[Web-SIG] Proposal: Avoiding Serialization When Stacking Middleware

Ian Bicking ianb at colorstudy.com
Tue Mar 13 20:47:54 CET 2007

Phillip J. Eby wrote:
>>  basically, where each object type results in a new key in the 
>> environment and a new ad hoc specification to be made (e.g., 
>> wsgi.file_wrapper takes a block size, which is specific only to that 
>> case).
> Right.  I'm specifically saying that a collection of individual 
> specifications is much *better* than a single overarching specification 
> generalized from a single example.  Single use cases make bad general 
> specs.
>> OK, the dict would avoid multiple different kinds of keys, and 
>> presumably they'd all have the same signature.  Block size doesn't 
>> really make any sense to me as a common parameter.  Content type 
>> should be a common parameter, as something like an lxml object can be 
>> serialized as either XML or HTML.  I don't think any response headers 
>> are likely to effect the serialization... though with my specification 
>> that remains an application concern, so it doesn't have to be resolved 
>> in the specification.
> Please don't keep trying to generalize this.  They're called 
> "specific-ations", not "general-izations".  :)
>>> Notice that this approach doesn't require any special protocol for 
>>> these wrappers -- just WSGI.  It's simpler to specify, and simpler to 
>>> implement than what you propose, while addressing some of the open 
>>> issues.
>> The specification isn't particularly long or complicated, IMHO.
> That's because it doesn't address any of the real issues -- they're all 
> deferred to your "open issues" section.  That's why I don't think having 
> the specification adds any value over highlighting the existing WSGI 
> pattern for extending the response (i.e. server-supplied 
> iterator-wrappers).

The open issues section has three issue.  One is a matter of defining 
some naming convention, and as long as people *try* to match up their 
conventions it will work.  The second has a proposed solution.  The last 
is merely aesthetic.

These are the "real issues" you are referring to?

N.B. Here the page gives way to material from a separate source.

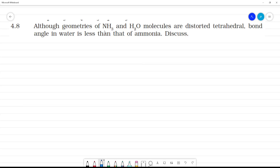Although the geometries of NH3 and H2O molecules are distorted tetrahedral, the bond angle in water is less than that of ammonia. Discuss.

>> When playing with implementation I used type names, and actually I 
>> rather prefer them, but it's not always clear what name to use.  For 
>> instance, "lxml", "lxml.etree", "lxml.etree.Element", and 
>> "lxml.etree._Element" all are reasonable names.  Or "ElementTree", 
>> "ElementTree.Element", "ElementTree._Element", "xml.etree", 
>> "xml.etree.Element", and "xml.etree._Element".  Or even something like 
>> "IElement" could make sense in some context (e.g., what if you can 
>> accept the overlapping interfaces of both lxml and ElementTree?)
>> At least the actual type object seems easy enough.  OTOH, there are 
>> actually cases when I'd like to say that I could accept a certain type 
>> without having to import the type.  E.g., if I wanted to do an XSLT 
>> transformation, I *could* support several kinds of objects without 
>> requiring any of them (e.g., lxml, 4DOM, and Genshi Markup).
> These problems all stem from premature generalization.  It's a trivial 
> problem to fix, however, if you are trying to share one particular 
> content type: just pick a key and use it!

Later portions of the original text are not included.